Stored data entries:
____

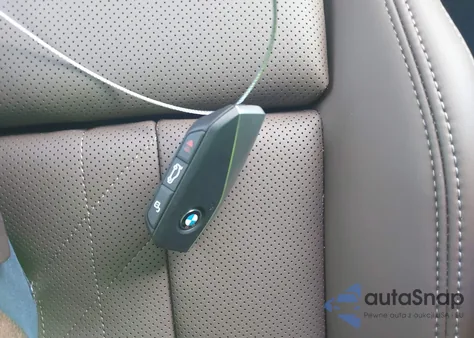 2025 BMW X3 30 xDrive из США, поврежденный, VIN 5UX53GP03S9029226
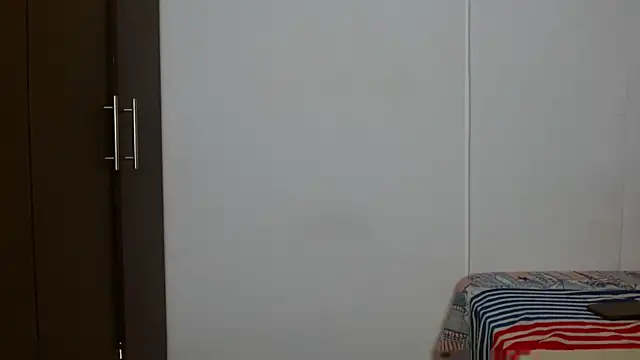 luisaqueenxxx online show from 04/06/26, 08:32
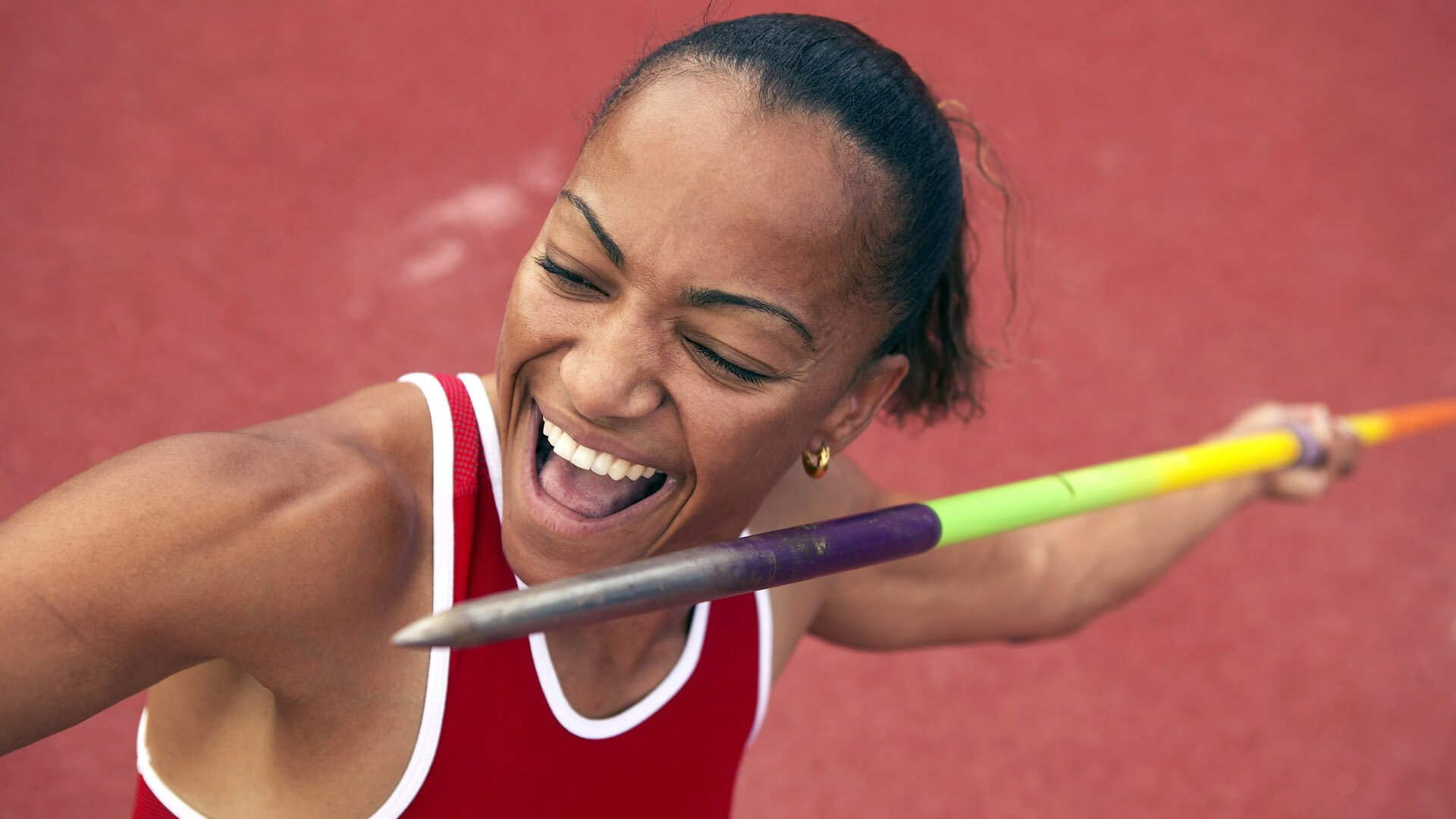 跨界合作的足球主题教育项目不断推出,推动体育+教育深度融合,足球跨球基本技术要领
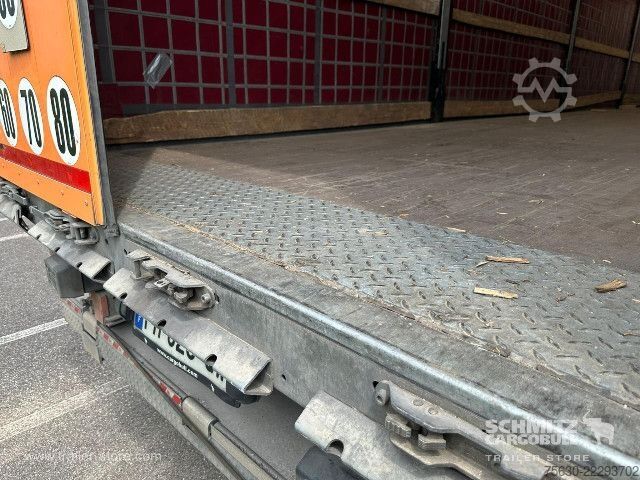Open semitrailer with tarp Schmitz Cargobull Semitrailer Curtainsider Standard Hayon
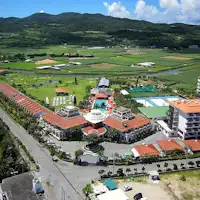 久米島の広々とした敷地に広がるホテルです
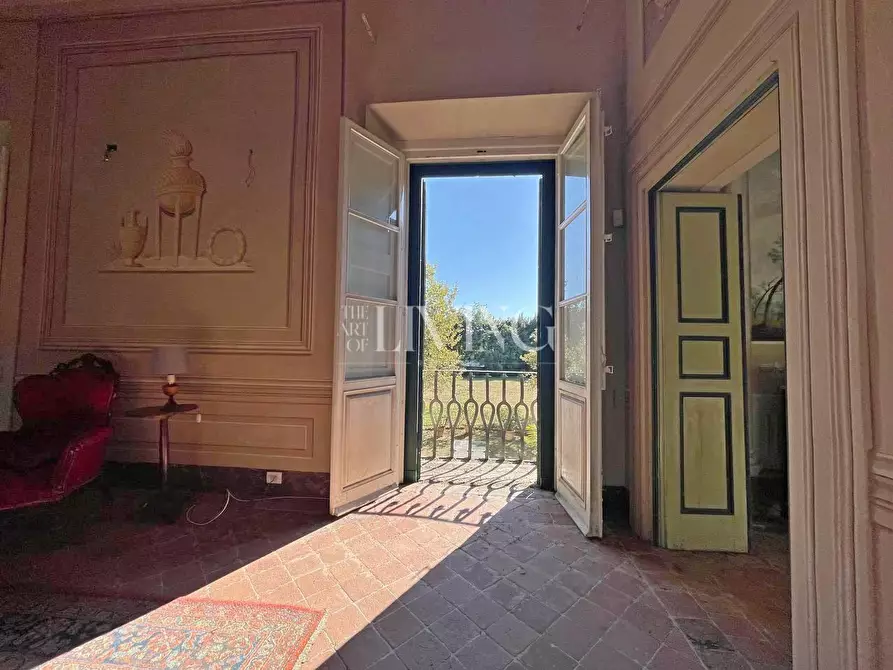 Immagine 12 di Villa in vendita  a Capannori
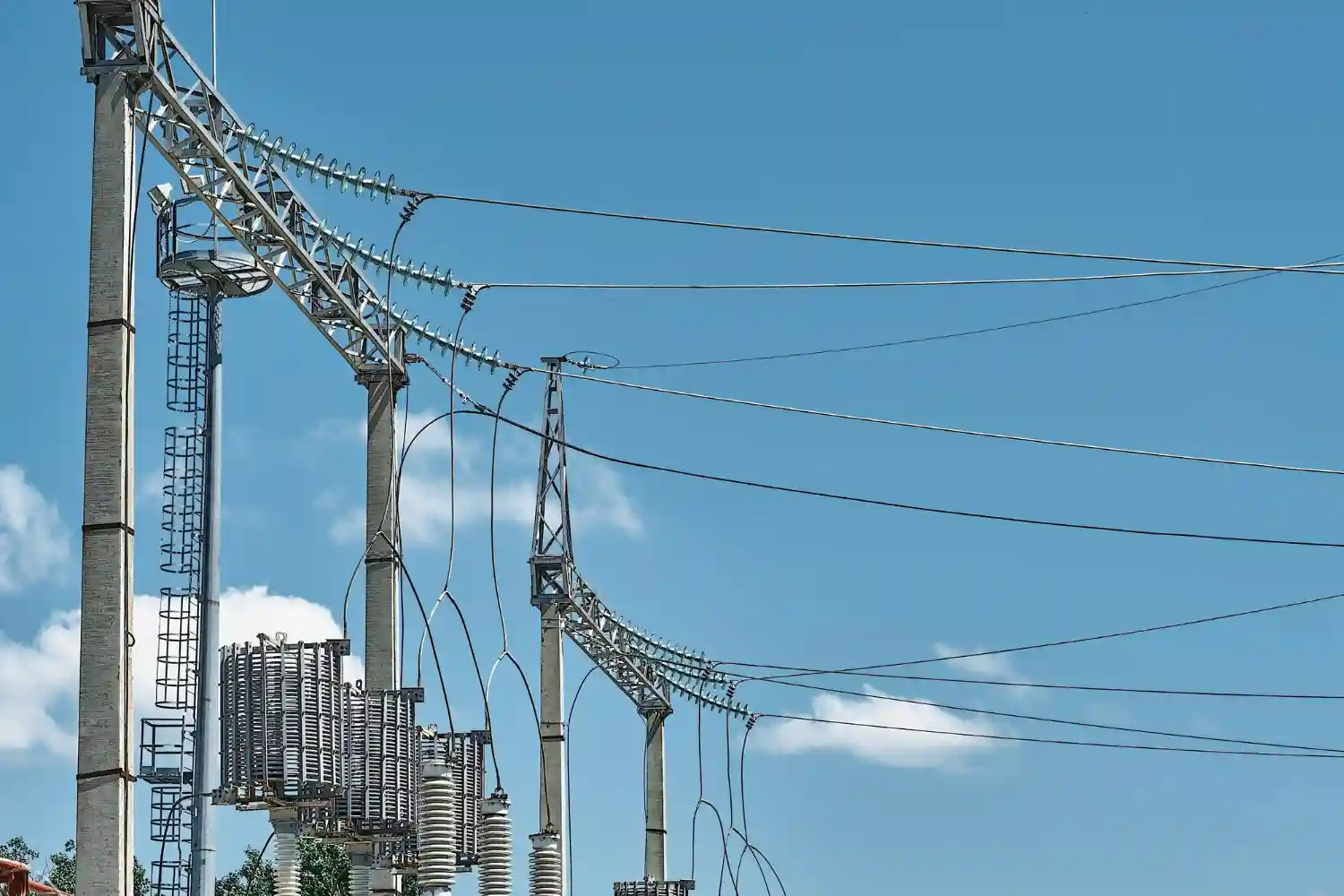 China mueve 12 centrales eléctricas por un solo cable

____

▶ [Your instructions]: All entries need to be duplicated exactly, apart from the images.

▶ [Exercise answer]:
 2025 BMW X3 30 xDrive из США, поврежденный, VIN 5UX53GP03S9029226
 luisaqueenxxx online show from 04/06/26, 08:32
 跨界合作的足球主题教育项目不断推出,推动体育+教育深度融合,足球跨球基本技术要领
Open semitrailer with tarp Schmitz Cargobull Semitrailer Curtainsider Standard Hayon
 久米島の広々とした敷地に広がるホテルです
 Immagine 12 di Villa in vendita  a Capannori
 China mueve 12 centrales eléctricas por un solo cable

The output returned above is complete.